TASK REQUIREMENTS »
Reproduce the entries beneath exactly, without their images.

[Web page caption snippets]
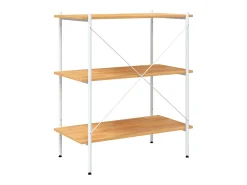 Unidade com 3 prateleiras 80x40x92 cm /cor de carvalho PT695200^ Prateleira
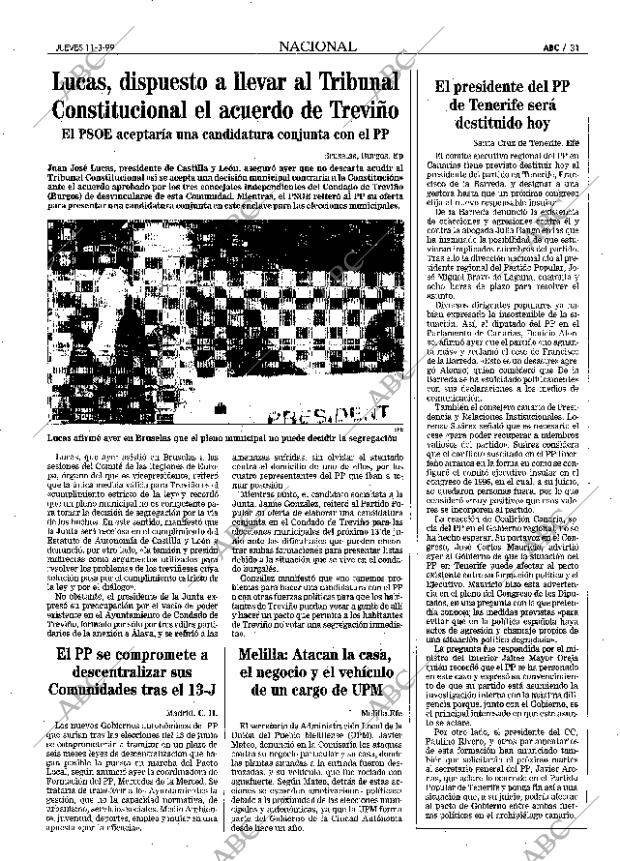 ABC MADRID 11-03-1999 página 31
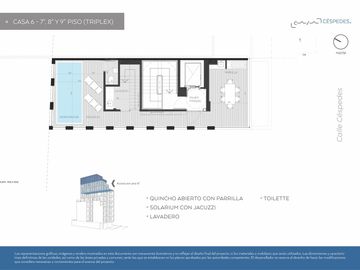 Venta Departamento, Piso Completo, 4 Ambientes, Cochera y Balcón Terraza en Construcción, Colegiales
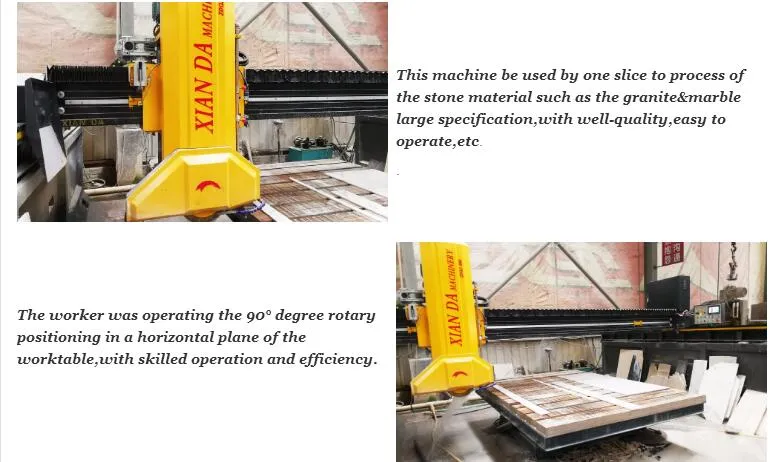 Zdqj-700 Bridge Saw Stone Cutting Machine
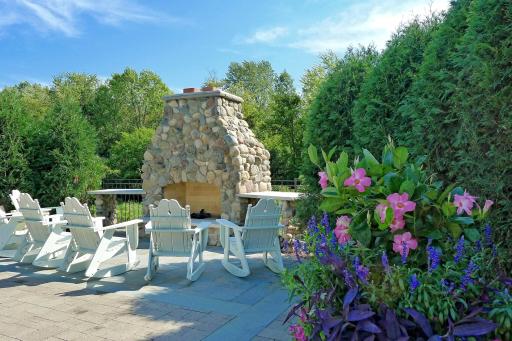 Outdoor Fireplace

TASK RESPONSE »
 Unidade com 3 prateleiras 80x40x92 cm /cor de carvalho PT695200^ Prateleira
 ABC MADRID 11-03-1999 página 31
 Venta Departamento, Piso Completo, 4 Ambientes, Cochera y Balcón Terraza en Construcción, Colegiales
 Zdqj-700 Bridge Saw Stone Cutting Machine
 Outdoor Fireplace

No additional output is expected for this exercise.